-by TS Newshound
As a Master Closer with three decades of experience in the timeshare industry, I’ve often been asked the question “What is the most important aspect of the timeshare sales presentation?”
Depending on the selling system that you are working in (front to back or T/O), each sales center– including both on- and off-site– have several critically important selling steps that representatives must adhere to throughout the entire presentation.
These steps include the meet and greet phase, the warm up, breaking the pact, discovery/survey sheet as well as meal time (if applicable), presenting the product/service (yes, you are selling a product/service), touring the resort and asking for the client’s business (closing).

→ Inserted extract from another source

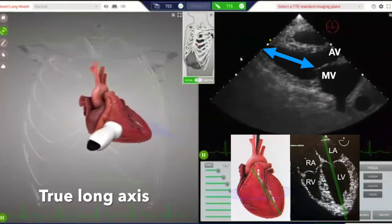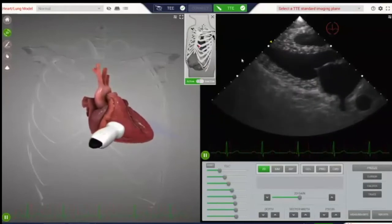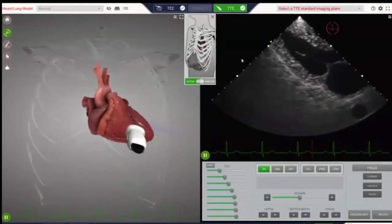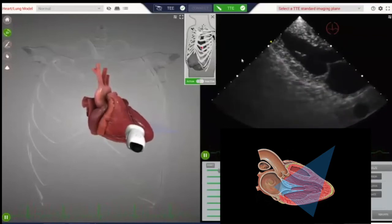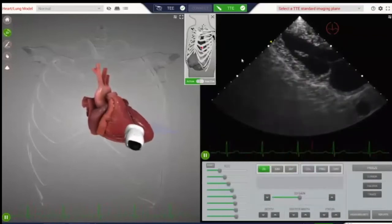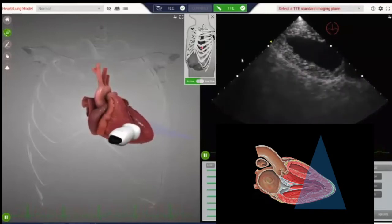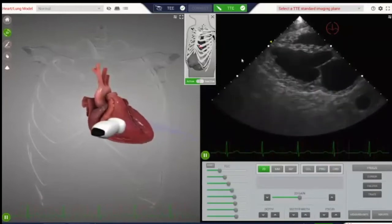You know you're in the LV long axis when you can see both mitral and aortic valves, and the LV looks maximally stretched. Sometimes the LV can appear to point to the top left of the screen — this is because the probe is a little more lateral along the long axis than it should be. To fix this, angle the probe towards the apex so the LV appears more horizontal, then slide medially to visualize more of the base of the heart.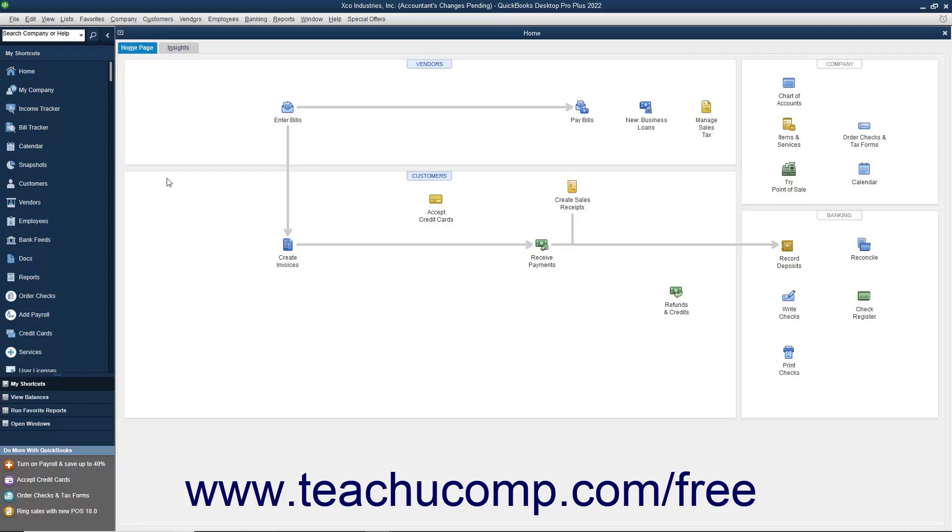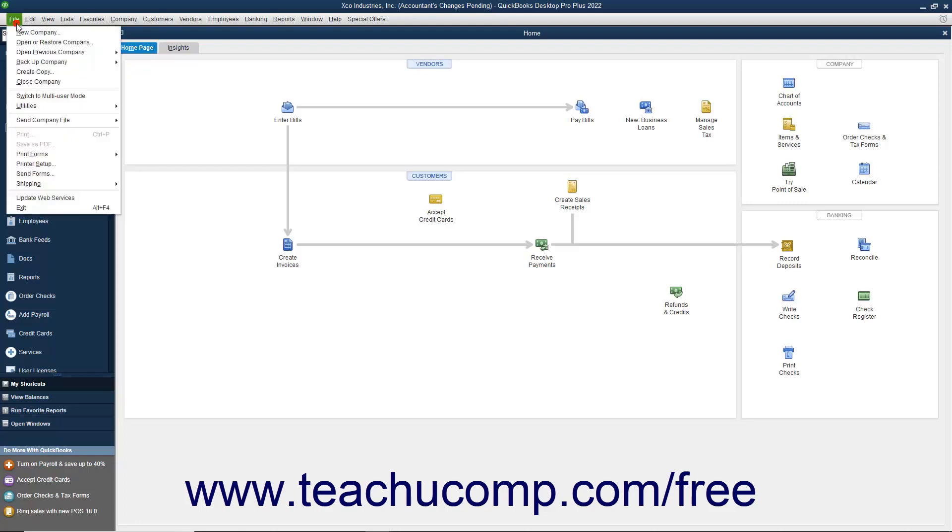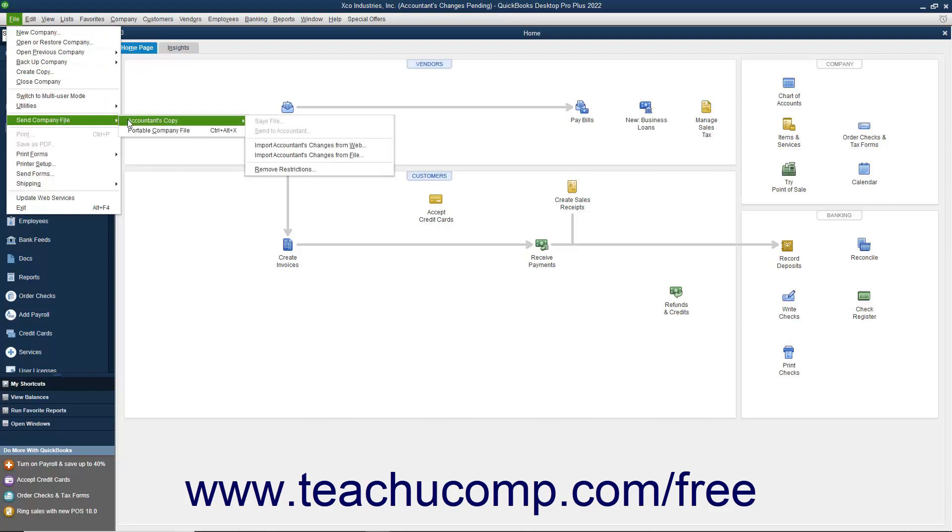Then select File, Send Company File, Accountant's Copy, Import Accountant's Changes from File from the menu bar.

An adage comes to mind that constantly proves to be true when selling any product or service to a prospective buyer: “A chain is only as strong as its weakest link”. As such, all the steps throughout the entire sales presentation are strategically important and how well those steps are performed will determine the outcome and success (or lack thereof) of each sales presentation.
However, one (actually two) aspect of the presentation that is often overlooked by sales people, ESPECIALLY in a T/O system, that will result in losing sales at least 20% of the time is the failure to meticulously listen to what your prospective owner(s) are telling you.
When I say ‘listen’, I’m not suggesting the casual ‘give an ear’ and respond with the usual ‘…uh-huh…’ or ‘…oh yeah…’ Nor am I saying to only listen during the ‘discovery’ segment of the presentation (wherein you find out about the prospective owners’ vacation lifestyle etc.).
I’m talking about keenly ‘listening’ to your prospective owners from the very moment you shake their hands (meet and greet) and throughout the entire presentation…
I cannot emphasize how important it is to be a good listener and observer AT ALL TIMES. If you listen with a razor sharp ear to your prospective owners, including monitoring their facial expressions, arms and leg movements (body language), etc. they will tell you, each and every time, what they like, don’t like, would use, not use, and most importantly, what ‘they’ need!
The failure to ‘listen’ (observe) is also directly relative to the second aspect in the selling process that many representatives fail to incorporate and that is, yes, I’m going to say it, they don’t PRE-JUDGE their prospective owners.
There are those in the industry who insist sales representatives should ‘NEVER PRE-JUDGE’ their prospects. Those who support this theory do so mainly from an affordability perspective of the prospect, arguing that the sales person should never assume a prospect’s financial capabilities and/or limitations or whether they are ‘buyers’ or not.
That is yet another one of the selling myths in this industry. The fact of the matter is, ‘pre-judging’, at all times, will be a deciding component in determining the outcome of any sales presentation.
You must not only listen at all times, you must PRE-JUDGE as well in order to understand your prospects and adapt the presentation to fit the prospects’ wants, desires, vacation lifestyle, finances, etc.
Sales professionals who choose to work at a F/B sales center as opposed to a T/O selling environment best understand this reality. These pros can, like a winning sports team, modify their tactics at any time during the presentation in order to achieve maximum results and victory.
Unfortunately, most T/O systems are structured in such a manner that representatives cannot, or do not, ‘listen’ nor adjust the presentation to suit the prospective owners’ travel needs and lifestyle.
When the sales person does finally begin to listen and make adjustments in the presentation, it is usually during the ‘close’ when valuable time is quickly running out. And all too often, like the 2-minute warning during a Super Bowl game, the ‘closer’ passes a Hail Mary price reduction (nosebleed drop).
Listening, observing and adjusting the presentation to the potential clients’ needs is in fact one of the main reasons that a F/B sales center will almost always have a much higher closing percentage than a T/O system.
Regardless of which ‘system’ you are working in, always follow the company’s established ‘selling steps’. But when you can, listen to what your prospects are telling you and if you are allowed, make the appropriate adjustments during the presentation to fit the ‘owners’ needs.